Strike didn’t bother this columnist

500 CHANNELS AND NOTHING TO WATCH: One of the great things about writing a TV column without having to actually watch the stuff that comes down the broadcast pipeline is that you can appreciate the suffering of other – some might say “real” – TV critics who feel obliged to spend valuable hours watching prime time and quality cable that might otherwise be spent reading help wanted ads, perfecting your bread pudding recipe, or working on your aim.

With the end in sight, Adam Buckman of the New York Post was moved to write on Monday that “with a 15-week strike halting production, the 2007-08 season will be remembered as one of the most confusing messes in the history of TV,” just after definitively pronouncing it “the Worst. Season.

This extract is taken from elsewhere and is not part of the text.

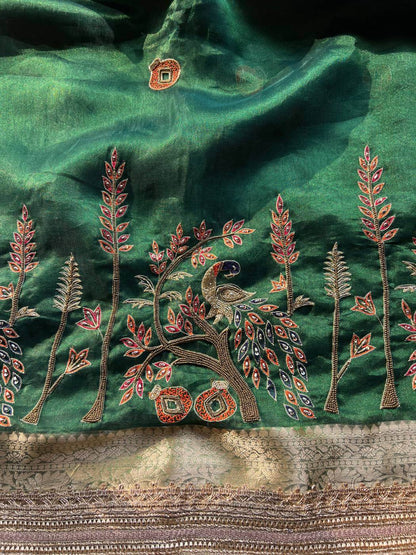 Emerald Green Tissue Silk Saree Shahi Mor with Peacock and delicate floral vines closeup view 01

Ever.”

The last year’s television was so bad, Buckman insists, that it literally drove viewers crazy, inspiring them to send in peanuts, light bulbs and birdseed to network executives in order to keep shows like Jericho, Friday Night Lights and John From Cincinnati on the air. “CBS actually acquiesced to the peanut campaign and brought back Jericho,” Buckman noted, “only to watch it sink like a stone.” Which goes to show that, truly, no good deed goes unpunished.

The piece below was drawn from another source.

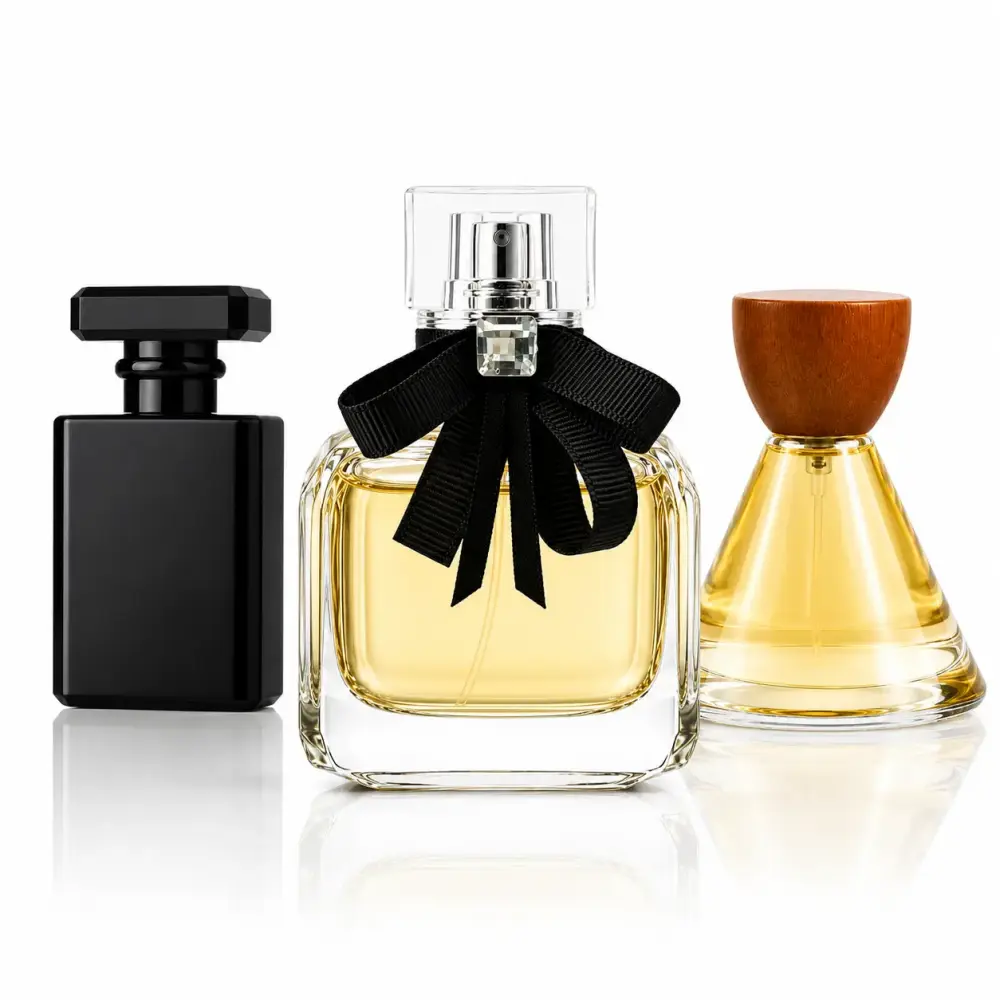 Luxury perfume glass bottles with premium decorative caps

Buckman claims that there were was a point when people actually believed that the writers’ strike would turn out to be an “incubator for innovation,” though as far as I can tell this was more like actually knowing people who believe in Bigfoot – you’re sure such people must be out there, though it’s unlikely that you’re ever going to meet one.

“After the strike ended, the networks became desperate for something to promote,” Buckman writes. “And what emerged as the most-promoted stunt this season? Britney Spears guest-starring as a receptionist on How I Met Your Mother.” This particularly irritates Buckman, who insists that “CBS’s publicity in support of the Spears appearance was so overheated you would have thought Lucille Ball had been coaxed back from the dead.”

Reading this, I couldn’t help but feel sorry for Buckman for having what sounds like an intimate relationship with CBS’ publicity department, inasmuch as they’ve made Spears’ primetime cameo seem like a major event, and not the mere blog item or YouTube clip it seemed like to me up here in the frozen wastes of CBS-publicity-doesn’t-know-me-from-Adam-land. If this is a side effect of access, I consider myself grateful for outsider status.

This is, as I’ve mentioned before, my 500th Idiot Box column, and my 1000th as a TV columnist for Metro, a job I took on with the sort of enthusiasm reserved for the guy in the war movie who gets sent ahead to scout around a few minutes after we see him write a sweet letter to his girl back home. No surprise then, that the most fun I’ve had in the last few months was during the writers’ strike, when there was no obligation whatsoever to actually try and watch what, after all, wasn’t actually on TV, since this was entirely beside the point.